Court orders presentation of Caruana Galizia tax returns

A judge has given the heirs of murdered journalist Daphne Caruana Galizia three weeks to present her tax returns

Daphne Caruana Galizia
Daphne Caruana Galizia

A judge has given the heirs of murdered journalist Daphne Caruana Galizia three weeks to present her tax returns after upholding a request by lawyer Peter Caruana Galizia that the acts of the €5 million case for damages her family filed against the alleged financer of his wife’s murder, Yorgen Fenech, be kept in the judge’s chambers, out of reach of the public.

In separate criminal proceedings, Fenech stands accused of complicity in the murder of journalist Daphne Caruana Galizia, who was killed in a car bomb outsider her home in 2017. The family of the slain journalist are suing business magnate Fenech for €5 million in damages.

Last year, the family filed a €5 million garnishee order against Fenech and 57 of his companies, which was provisionally upheld by the court in February.

In a sitting last month, Fenech’s lawyer Anna Mallia requested copies of DaphneCaruana Galizia’s tax returns so as to verify the amount of damages being claimed by her family.

As the case resumed before madam justice Anna Felice this afternoon, Mallia objected to the request that the acts of the case be stored in the judge’s chambers, saying that it was a case of “two weights and two measures”. The acts relating to civil cases for damages are normally kept in the court's registry and are accessible to the public.

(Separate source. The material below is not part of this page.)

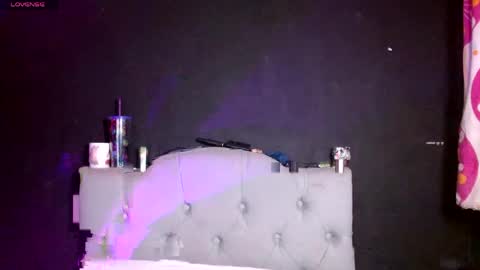 Snapshot of red_moonn chatting on 8, 4, 2026 IG OF red moonn online show from 8, 4, 2026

Caruana Galizia informed the court that the scope of the garnishee had been narrowed down from 57 to less than 10 companies, after it emerged that Fenech was not a direct shareholder in some of them as well as other issues.

Mallia told the court that the murdered journalist’s declared income, presented in an affidavit by her husband, “should reflect what was declared to the Commissioner for Inland Revenue.”

“According to the defendants, in the previous sitting they had said that they had reached an agreement with the Commissioner for Inland Revenue regarding this income,” she said.

“The court cannot make itself complicit in money laundering, as money not declared to the taxman is dirty money,” Mallia added, earning herself a rebuke from the judge for the comment.

Caruana Galizia’s lawyer Joe Zammit Maempel told the judge that an agreement with the Commissioner for Inland Revenue was to pay a lump sum. “Copies of the returns were not found. The agreement was that a total sum is paid,” he said.

He reminded the court that Caruana Galizia had declared on oath that he had been unable to find a copy of his late wife’s income tax returns and that he was not in a position to produce them

Caruana Galizia bound himself to look for the documentation again, with the court giving him three weeks to present them in the acts of the case, which continues next month.